··· DATA TO EXAMINE ···

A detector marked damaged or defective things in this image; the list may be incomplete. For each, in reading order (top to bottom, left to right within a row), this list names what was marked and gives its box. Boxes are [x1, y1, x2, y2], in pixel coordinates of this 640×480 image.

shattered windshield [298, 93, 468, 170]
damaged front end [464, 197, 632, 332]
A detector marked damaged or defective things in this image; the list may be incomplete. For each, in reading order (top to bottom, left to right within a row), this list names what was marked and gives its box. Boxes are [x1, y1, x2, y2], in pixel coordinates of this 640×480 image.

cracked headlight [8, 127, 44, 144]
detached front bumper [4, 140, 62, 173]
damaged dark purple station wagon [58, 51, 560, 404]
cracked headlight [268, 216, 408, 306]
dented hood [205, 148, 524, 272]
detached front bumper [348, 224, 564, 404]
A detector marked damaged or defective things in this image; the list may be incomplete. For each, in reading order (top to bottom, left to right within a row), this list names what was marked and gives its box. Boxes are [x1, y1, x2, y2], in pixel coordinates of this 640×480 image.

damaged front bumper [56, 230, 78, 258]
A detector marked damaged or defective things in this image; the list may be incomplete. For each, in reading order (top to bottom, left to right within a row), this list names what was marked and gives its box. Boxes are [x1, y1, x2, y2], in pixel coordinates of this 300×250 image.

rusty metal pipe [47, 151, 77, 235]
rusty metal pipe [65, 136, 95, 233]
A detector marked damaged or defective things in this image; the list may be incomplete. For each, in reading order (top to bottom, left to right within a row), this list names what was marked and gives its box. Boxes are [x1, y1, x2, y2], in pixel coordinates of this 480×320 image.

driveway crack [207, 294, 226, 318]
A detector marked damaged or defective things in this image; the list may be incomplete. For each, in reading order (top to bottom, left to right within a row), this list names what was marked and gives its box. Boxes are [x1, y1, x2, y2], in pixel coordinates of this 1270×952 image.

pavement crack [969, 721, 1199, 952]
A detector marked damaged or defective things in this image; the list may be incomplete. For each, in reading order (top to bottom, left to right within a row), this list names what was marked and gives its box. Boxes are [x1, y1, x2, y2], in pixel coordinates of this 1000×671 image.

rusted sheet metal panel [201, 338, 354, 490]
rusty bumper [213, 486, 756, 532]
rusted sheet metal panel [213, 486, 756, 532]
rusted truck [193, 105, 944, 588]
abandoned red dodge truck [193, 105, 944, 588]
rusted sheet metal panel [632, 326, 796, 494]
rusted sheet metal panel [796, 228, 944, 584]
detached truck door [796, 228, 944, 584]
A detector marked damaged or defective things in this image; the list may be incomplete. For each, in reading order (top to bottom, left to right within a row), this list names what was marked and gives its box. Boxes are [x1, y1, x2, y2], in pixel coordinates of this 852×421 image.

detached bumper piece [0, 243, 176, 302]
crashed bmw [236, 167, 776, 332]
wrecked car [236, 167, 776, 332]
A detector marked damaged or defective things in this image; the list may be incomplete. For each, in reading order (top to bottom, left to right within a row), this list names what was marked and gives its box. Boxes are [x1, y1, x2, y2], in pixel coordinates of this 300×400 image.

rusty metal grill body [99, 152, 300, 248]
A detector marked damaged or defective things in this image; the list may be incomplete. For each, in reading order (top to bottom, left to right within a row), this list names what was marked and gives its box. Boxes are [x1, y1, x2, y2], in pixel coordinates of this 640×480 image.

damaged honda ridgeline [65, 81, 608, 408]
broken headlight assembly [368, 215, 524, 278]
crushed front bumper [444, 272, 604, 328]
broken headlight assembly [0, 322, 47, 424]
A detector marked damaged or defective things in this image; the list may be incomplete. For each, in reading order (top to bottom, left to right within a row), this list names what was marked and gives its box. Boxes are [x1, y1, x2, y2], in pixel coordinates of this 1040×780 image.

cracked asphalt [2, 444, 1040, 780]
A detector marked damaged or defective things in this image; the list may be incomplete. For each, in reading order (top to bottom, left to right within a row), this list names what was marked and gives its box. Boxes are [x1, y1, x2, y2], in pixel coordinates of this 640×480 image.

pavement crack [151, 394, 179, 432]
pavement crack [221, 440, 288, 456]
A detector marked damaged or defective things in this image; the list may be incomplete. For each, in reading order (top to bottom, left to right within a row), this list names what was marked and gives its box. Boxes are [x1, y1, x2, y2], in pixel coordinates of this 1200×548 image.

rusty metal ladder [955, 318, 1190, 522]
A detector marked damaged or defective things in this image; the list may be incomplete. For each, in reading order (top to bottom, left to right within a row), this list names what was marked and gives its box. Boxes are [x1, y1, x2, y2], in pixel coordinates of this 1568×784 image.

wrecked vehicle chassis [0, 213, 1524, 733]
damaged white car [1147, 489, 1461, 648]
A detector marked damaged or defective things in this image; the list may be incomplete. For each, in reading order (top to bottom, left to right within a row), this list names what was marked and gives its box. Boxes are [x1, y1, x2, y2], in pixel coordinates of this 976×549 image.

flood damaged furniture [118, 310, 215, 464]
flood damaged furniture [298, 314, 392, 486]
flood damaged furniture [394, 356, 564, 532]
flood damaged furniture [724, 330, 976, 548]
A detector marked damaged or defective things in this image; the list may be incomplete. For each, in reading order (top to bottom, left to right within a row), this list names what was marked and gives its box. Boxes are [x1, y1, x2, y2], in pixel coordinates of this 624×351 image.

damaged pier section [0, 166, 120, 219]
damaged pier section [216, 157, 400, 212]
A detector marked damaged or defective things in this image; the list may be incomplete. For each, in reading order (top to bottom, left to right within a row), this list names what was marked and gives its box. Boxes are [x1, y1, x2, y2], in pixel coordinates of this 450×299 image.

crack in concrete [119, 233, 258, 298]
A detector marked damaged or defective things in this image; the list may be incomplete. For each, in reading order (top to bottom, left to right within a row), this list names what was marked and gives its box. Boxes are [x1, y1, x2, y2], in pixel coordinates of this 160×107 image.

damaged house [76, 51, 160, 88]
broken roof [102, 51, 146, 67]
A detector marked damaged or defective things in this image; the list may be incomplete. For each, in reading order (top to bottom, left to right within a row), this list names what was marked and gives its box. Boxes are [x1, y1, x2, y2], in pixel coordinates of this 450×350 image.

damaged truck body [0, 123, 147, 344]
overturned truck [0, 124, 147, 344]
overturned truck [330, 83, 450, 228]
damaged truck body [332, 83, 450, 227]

···

Return an exact copy of the listing.

A detector marked damaged or defective things in this image; the list may be incomplete. For each, in reading order (top to bottom, left to right within a row), this list names what was marked and gives its box. Boxes are [x1, y1, x2, y2], in pixel coordinates of this 640×480 image.

shattered windshield [298, 93, 468, 170]
damaged front end [464, 197, 632, 332]
A detector marked damaged or defective things in this image; the list may be incomplete. For each, in reading order (top to bottom, left to right within a row), this list names what was marked and gives its box. Boxes are [x1, y1, x2, y2], in pixel coordinates of this 640×480 image.

cracked headlight [8, 127, 44, 144]
detached front bumper [4, 140, 62, 173]
damaged dark purple station wagon [58, 51, 560, 404]
cracked headlight [268, 216, 408, 306]
dented hood [205, 148, 524, 272]
detached front bumper [348, 224, 564, 404]
A detector marked damaged or defective things in this image; the list may be incomplete. For each, in reading order (top to bottom, left to right within a row), this list names what was marked and gives its box. Boxes are [x1, y1, x2, y2], in pixel coordinates of this 640×480 image.

damaged front bumper [56, 230, 78, 258]
A detector marked damaged or defective things in this image; the list may be incomplete. For each, in reading order (top to bottom, left to right within a row), this list names what was marked and gives its box. Boxes are [x1, y1, x2, y2], in pixel coordinates of this 300×250 image.

rusty metal pipe [47, 151, 77, 235]
rusty metal pipe [65, 136, 95, 233]
A detector marked damaged or defective things in this image; the list may be incomplete. For each, in reading order (top to bottom, left to right within a row), this list names what was marked and gives its box. Boxes are [x1, y1, x2, y2], in pixel coordinates of this 480×320 image.

driveway crack [207, 294, 226, 318]
A detector marked damaged or defective things in this image; the list may be incomplete. For each, in reading order (top to bottom, left to right within a row), this list names what was marked and gives its box. Boxes are [x1, y1, x2, y2], in pixel coordinates of this 1270×952 image.

pavement crack [969, 721, 1199, 952]
A detector marked damaged or defective things in this image; the list may be incomplete. For each, in reading order (top to bottom, left to right within a row), this list names what was marked and gives its box. Boxes are [x1, y1, x2, y2], in pixel coordinates of this 1000×671 image.

rusted sheet metal panel [201, 338, 354, 490]
rusty bumper [213, 486, 756, 532]
rusted sheet metal panel [213, 486, 756, 532]
rusted truck [193, 105, 944, 588]
abandoned red dodge truck [193, 105, 944, 588]
rusted sheet metal panel [632, 326, 796, 494]
rusted sheet metal panel [796, 228, 944, 584]
detached truck door [796, 228, 944, 584]
A detector marked damaged or defective things in this image; the list may be incomplete. For each, in reading order (top to bottom, left to right within a row), this list names what was marked and gives its box. Boxes are [x1, y1, x2, y2], in pixel coordinates of this 852×421 image.

detached bumper piece [0, 243, 176, 302]
crashed bmw [236, 167, 776, 332]
wrecked car [236, 167, 776, 332]
A detector marked damaged or defective things in this image; the list may be incomplete. For each, in reading order (top to bottom, left to right within a row), this list names what was marked and gives its box. Boxes are [x1, y1, x2, y2], in pixel coordinates of this 300×400 image.

rusty metal grill body [99, 152, 300, 248]
A detector marked damaged or defective things in this image; the list may be incomplete. For each, in reading order (top to bottom, left to right within a row), this list names what was marked and gives its box. Boxes are [x1, y1, x2, y2], in pixel coordinates of this 640×480 image.

damaged honda ridgeline [65, 81, 608, 408]
broken headlight assembly [368, 215, 524, 278]
crushed front bumper [444, 272, 604, 328]
broken headlight assembly [0, 322, 47, 424]
A detector marked damaged or defective things in this image; the list may be incomplete. For each, in reading order (top to bottom, left to right within a row), this list names what was marked and gives its box. Boxes are [x1, y1, x2, y2], in pixel coordinates of this 1040×780 image.

cracked asphalt [2, 444, 1040, 780]
A detector marked damaged or defective things in this image; the list may be incomplete. For each, in reading order (top to bottom, left to right within a row), this list names what was marked and gives its box. Boxes are [x1, y1, x2, y2], in pixel coordinates of this 640×480 image.

pavement crack [151, 394, 179, 432]
pavement crack [221, 440, 288, 456]
A detector marked damaged or defective things in this image; the list may be incomplete. For each, in reading order (top to bottom, left to right within a row), this list names what was marked and gives its box. Boxes are [x1, y1, x2, y2], in pixel coordinates of this 1200×548 image.

rusty metal ladder [955, 318, 1190, 522]
A detector marked damaged or defective things in this image; the list may be incomplete. For each, in reading order (top to bottom, left to right within a row), this list names what was marked and gives its box. Boxes are [x1, y1, x2, y2], in pixel coordinates of this 1568×784 image.

wrecked vehicle chassis [0, 213, 1524, 733]
damaged white car [1147, 489, 1461, 648]
A detector marked damaged or defective things in this image; the list may be incomplete. For each, in reading order (top to bottom, left to right within a row), this list names what was marked and gives its box. Boxes are [x1, y1, x2, y2], in pixel coordinates of this 976×549 image.

flood damaged furniture [118, 310, 215, 464]
flood damaged furniture [298, 314, 392, 486]
flood damaged furniture [394, 356, 564, 532]
flood damaged furniture [724, 330, 976, 548]
A detector marked damaged or defective things in this image; the list may be incomplete. For each, in reading order (top to bottom, left to right within a row), this list names what was marked and gives its box. Boxes are [x1, y1, x2, y2], in pixel coordinates of this 624×351 image.

damaged pier section [0, 166, 120, 219]
damaged pier section [216, 157, 400, 212]
A detector marked damaged or defective things in this image; the list may be incomplete. For each, in reading order (top to bottom, left to right within a row), this list names what was marked and gives its box. Boxes are [x1, y1, x2, y2], in pixel coordinates of this 450×299 image.

crack in concrete [119, 233, 258, 298]
A detector marked damaged or defective things in this image; the list may be incomplete. For each, in reading order (top to bottom, left to right within a row), this list names what was marked and gives its box. Boxes are [x1, y1, x2, y2], in pixel coordinates of this 160×107 image.

damaged house [76, 51, 160, 88]
broken roof [102, 51, 146, 67]
A detector marked damaged or defective things in this image; the list may be incomplete. For each, in reading order (top to bottom, left to right within a row), this list names what was marked and gives its box. Boxes are [x1, y1, x2, y2], in pixel coordinates of this 450×350 image.

damaged truck body [0, 123, 147, 344]
overturned truck [0, 124, 147, 344]
overturned truck [330, 83, 450, 228]
damaged truck body [332, 83, 450, 227]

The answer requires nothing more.